The ticket bought and issued to plaintiffs’ intestate in New York contained an explicit reference to what is popularly known as the Warsaw Convention. The following appeared on the face of the ticket: Carriage hereunder is subject to the rules related to liability established by the Convention for the Unification of Certain Rules relating to International Carriage by Air signed at Warsaw, October 12, 1929 unless such carriage is not ‘ International Carriage ’ as defined by said Convention.”

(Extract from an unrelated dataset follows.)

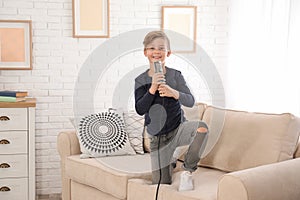 Cute boy with microphone in living room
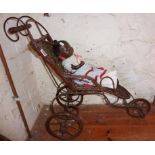 Cane and wrought iron doll's push chair together with vintage black doll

Australia and the United States are both signatory parties to the Warsaw Convention. This convention was entered into in order to accomplish the unification of certain rules relating to international transportation by air, and was signed on October 12, 1929, by the representatives of twenty-three countries at Warsaw, Poland. Adherence to the convention was advised by the United States Senate on June 15, 1934, and proclaimed by the President of the United States on October 29,1934 (49 U. S. Stat. 3000 et seq.; Komlos v. Compagnie Nationale Air France, 111 F. Supp. 393, 397). The convention, as a treaty, constitutes part of the law of this land, overriding State law and policies (U. S. Const., art. VI, § 2; Wyman v. Pan American Airways, 181 Misc. 963, affd. 267 App. Div. 947, motion for leave to appeal to the Court of Appeals denied 267 App. Div. 983, affd. 293 N. Y. 878, certiorari denied 324 U. S. 882; Komlos v. Compagnie Nationale Air France, supra).

Since the flight was subject to the Warsaw Convention rules, the rights of the parties were fixed by those rules therein provided. Said rules were made a condition of the ticket purchased by the deceased and in any event were so made under the rules themselves (Warsaw Convention, art. 3, subd. 2; Wyman v. Pan American Airways, 181 Misc. 963, 965, supra).

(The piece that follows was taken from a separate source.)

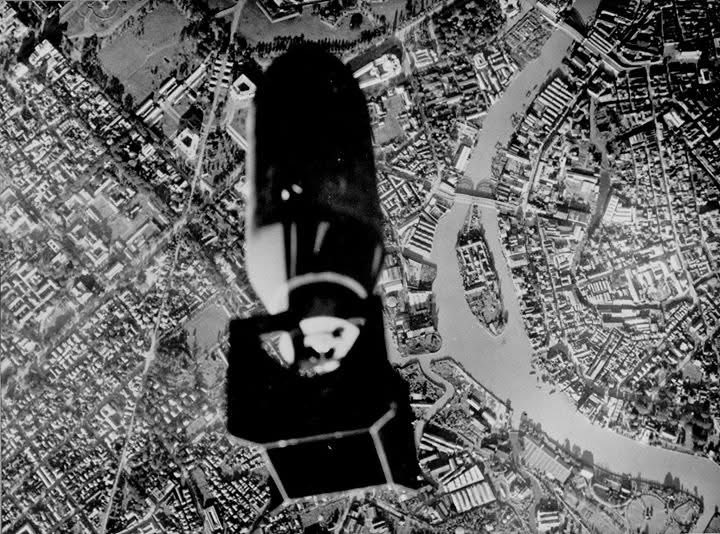 VoicesofWW2's tweet image. Bomb bay camera in a TBF-1 Avenger from USS Essex captures the moment of bomb release over the Pasig River in downtown Manila, Luzon, Philippines, 14 November 1944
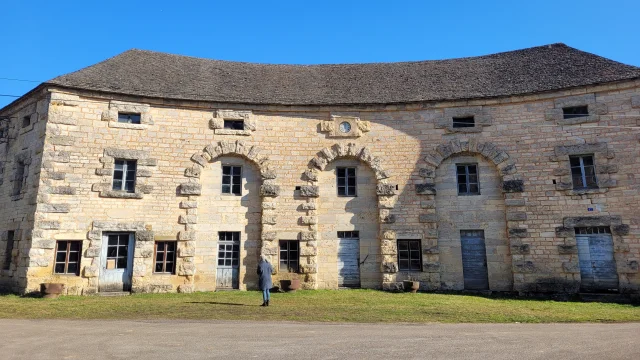 Une femme observe le bâtiment principal des Forges de Baignes - Vesoul - Val de Saône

We are therefore brought to a consideration of the question of the effect of article 28 of the Warsaw Convention on the diverse contentions of the parties to the instant motion. Article 28 provides: “ (1) An action for damages must be brought, at the option of the plaintiff, in the territory of one of the High Contracting Parties, either before the court of the domicile of the carrier or of his principal place of business, or where he has a place of business through which the contract has been made, or before the court at the place of destination. (2) Questions of procedure shall be governed by. the law of the court to which the case is submitted.”

[264]*264The ticket purchased by the passenger was for a round-trip passage from New York to San Francisco, to Sydney, to San Francisco, to New York. There were thus several intermediate breaks in travel en route with the final destination at New York. Such final destination, it is obvious, falls clearly within the phrase, “ place of destination ” of subdivision (1) in article 28 of the Warsaw Convention(Wyman v. Pan American Ainvays, supra; see 20 N. Y. State Bar Assn. Bulletin, p. 193).

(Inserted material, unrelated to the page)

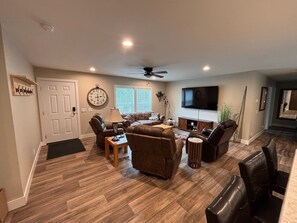 A spacious living room with a fireplace, a television, and a ceiling fan. - New 4BR/2BA Lake of the Woods Walleye Camp! (Baudette)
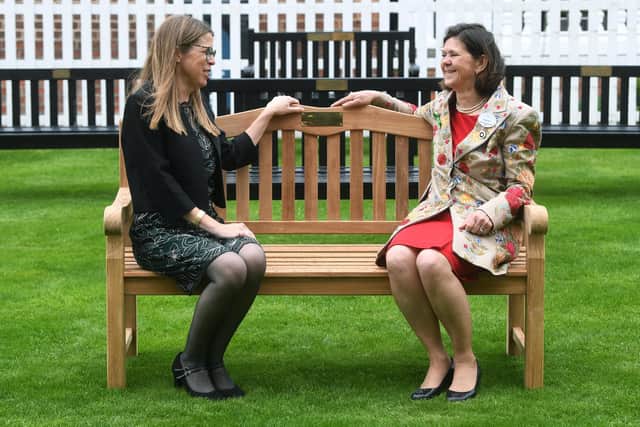 His sister Lizzie (left) helped unveil the bench opposite the press room with the racecourse chairman, Bridget Guerin (right), in a short ceremony yesterday.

Furthermore, on the basis of the entire record before me and the conceded facts pursuant to stipulation between the attorneys for the parties, it is also clear that New York is a proper forum under article 28 of the said convention for the purposes of commencing suit, since New York was a place of business through which the contract of carriage was made by BCPA. The attorneys for the defendants BCPA and Quantas and the attorneys for the plaintiff have stipulated for the purposes of this motion that in October of 1953 BOAC and BCPA had a joint listing in the Manhattan Classified Telephone Directory which reads as follows: British Commonwealth Pacific Airlines British Overseas Airways Corp. Passenger Reservation Ticket Office and Air Cargo Information, 342 Madison Av. — Murray Hill 7-8900 ”.

In addition thereto, both BOAC and BCPA had separate listings in the 1953 alphabetical Manhattan telephone directory indicating their respective offices to be at 342 Madison Avenue and their respective telephone numbers to be Murray Hill 7-8900.